In this post, we discuss a topological characterization of bounded sets in $\omega^\omega$. We also give an example of an unbounded meager set. We also briefly discuss the $\sigma$-ideal generated by $\sigma$-compact subsets of $\omega^\omega$ and $\sigma$-ideal of meager subsets of $\omega^\omega$.

Let $\omega$ be the first infinite ordinal. We consider $\omega$ to be the set of all non-negative integers $\{0, 1, 2, \cdots \}$. Let $\omega^\omega$ be the set of all functions from $\omega$ into $\omega$. When the set $\omega$ is considered a discrete space, the set $\omega^\omega$ is the product of countably many copies of $\omega$. As a product space, $\omega^\omega$ is homeomorphic to the set $\mathbb{P}$ of all irrational numbers (see here). The product space $\omega^\omega$ is called the Baire space in the literature.

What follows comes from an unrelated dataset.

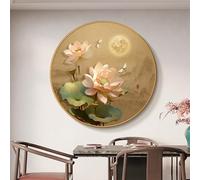 Décoration Murale 3D Motif Lotus, Sculptures Murales Suspendues Avec Finition En Porcelaine Cristalline Et Cadre En Aluminium, Tableau Mural Traditionnel Chinois(B,40cm)
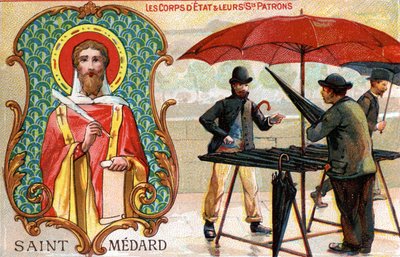 Saint Médard, sateenvarjomyyjien suojeluspyhimys, n. 1910 (väri litho) od French School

Even though the two are topologically the same, working in the product space has its advantage. With the Baire space, we can define a partial order. For $f,g \in \omega^\omega$, define $f \le^* g$ if $f(n) \le g(n)$ for all but finitely many $n$. Let $F \subset \omega^\omega$. The set $F$ is a bounded set if there exists $f \in \omega^\omega$ which is an upper bound of $F$ according to the partial order $\le^*$. The set $F$ is an unbounded set if it is not bounded. We prove the following theorem.

Theorem 1
Let $F \subset \omega^\omega$. Then the following conditions are equivalent.

1. The set $F$ is bounded.
2. There exists a $\sigma$-compact set $X$ such that $F \subset X \subset \omega^\omega$.
3. With $F$ as a subset of the real line, the set $F$ is an $F_\sigma$-subset of $F \cup \mathbb{Q}$ where $\mathbb{Q}$ is the set of all rational numbers.

This theorem is Theorem 9.3 in p. 149 in [1], the chapter by Van Douwen in the Handbook of Set-Theoretic Topology. As mentioned above, the set $\mathbb{P}$ of irrational numbers is homeomorphic to the Base space $\omega^\omega$. For $\mathbb{P}$, the irrational numbers are points on a straight line. For the Baire space, the irrational numbers are functions in a product space. The second condition of Theorem 1 tells us what it means topologically for a subset of the Baire space to be bounded. The third condition tells us what a bounded set means if the set is placed on a straight line.

A subset $A$ of any topological space $Y$ is said to be nowhere dense set if for any non-empty open subset $U$ of $Y$, there exists a non-empty open subset $V$ of $U$ such that $V \cap A=\varnothing$. A subset $M$ of the topological space $Y$ is said to be a meager set if $M$ is the union of countably many nowhere dense sets. Meager sets are “small” sets. The discussion that follows shows that bounded sets are meager sets.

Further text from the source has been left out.